Some may say I merely need another label. Perhaps psychologist fits better because of my scientific orientation toward research and systematic understanding of the human mind. But then one must take into account how little faith I place in the science of psychology as a stand alone discipline, and how I believe it should be looked at as more of an art than a science. I hold this type of skepticism even toward the most physical sciences, with massive amounts of empirical proof employed in the carrying out of.

So, how about multiple labels then? Perhaps I am a psychological, intellectual, postmodern, scientific, artistic, Christian. At one point does this become a complete defeating of the purpose of labels?

I believe the inherent complexity of any person is a cause for the rejection of labels. "Calling a Spade a Spade" is only helpful if that is the spade's identity. So, in order for labels to continue to be helpful, we must cease to use them in the manner we do. That is, I can tell you I'm a Christian because I align with God as expressed in Christ, and I believe things a lot of Christians do. But for that to be my identity simply ignores a good deal of my skepticism toward the religion itself, toward the metanarrative that many Christians present, and any other leanings I may have that are contradictory to Christianity as it is presented in our culture. In other words, I must self-define what a Christian is for it to be helpful, which defeats the purpose of the label, which is communication.

Finally, we come to the point. Labels are constructs, and they're helpful in specific cultures in which they are constructed, so long as a person isn't merely a "Postmodern" or an "Evangelical" or a "Muslim." To define people this way is to depersonalize them and control them, a goal inherent in the way in which this type of language is used. Hence, I believe labels should not be embraced, but they should be hesitantly tolerated.

Now, I understand that I've already used hundreds of labels in writing this. Every word is a signifier, and though language comprehension builds our understanding of the world, it is still a construct. However, it can only be constructed because there are some things that make us human. There is an essence to the universe that flows through every person, and binds us together, giving us the ability to communicate, to encode for the purpose of transmission of our thoughts from one person to another.

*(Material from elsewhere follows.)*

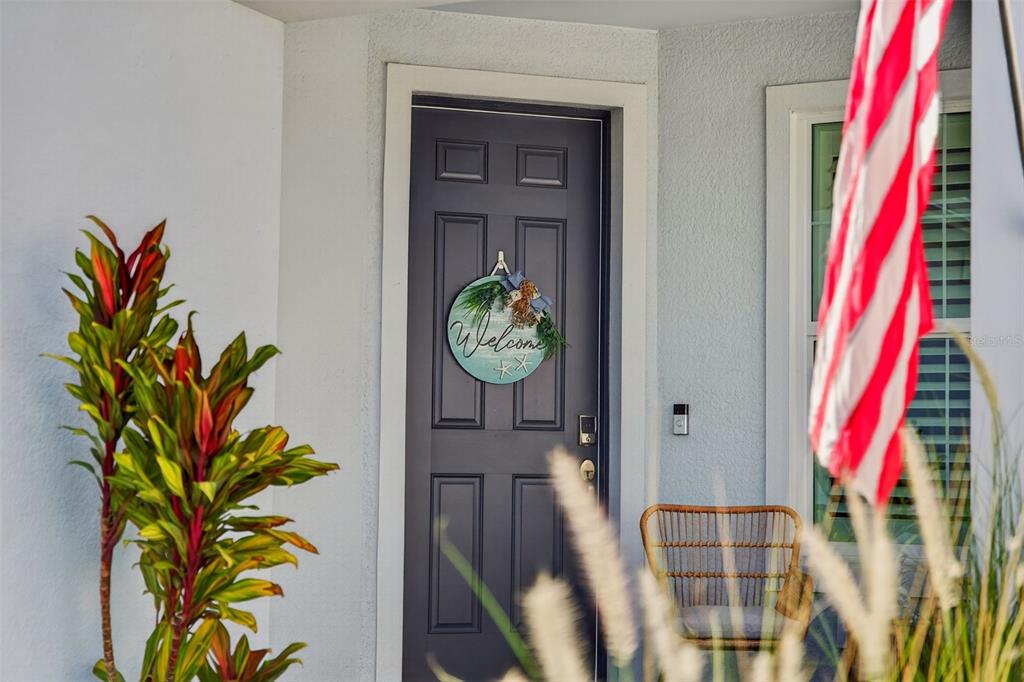 A dark blue front door with a welcome wreath sits on a porch with greenery — 10354 ABACO FALLS DRIVE, ENGLEWOOD, FL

I call it God, and I think He is far, far more complex than we give Him credit for, to the point that systematic theology, if not taken with a grain of salt, creates merely an idol for us to worship. The same goes for man, and for the nature of the universe. Labels are helpful in encoding information for transmission, but that is it. To use them for anything else, to believe we have a person figured out because they fit a label in our mind, and indeed to separate people into groups is, whether the person believes it or not, a power play, an attempt at controlling the world and the people around them.

Surely, some of this we do naturally and is perhaps not a bad thing in light of the broken nature of reality. But is it the ideal? Certainly not. I think utilizing labels intelligently and with restraint is a necessary evil because of our disconnected state.

But keep in mind, with the using of these labels is the danger that we will fall into the very thing the Postmodern Philosopher would warn us against, that we would use this control, these power plays to marginalize based upon arbitrary systematic inclusions and exclusions that do more harm than good to all involved.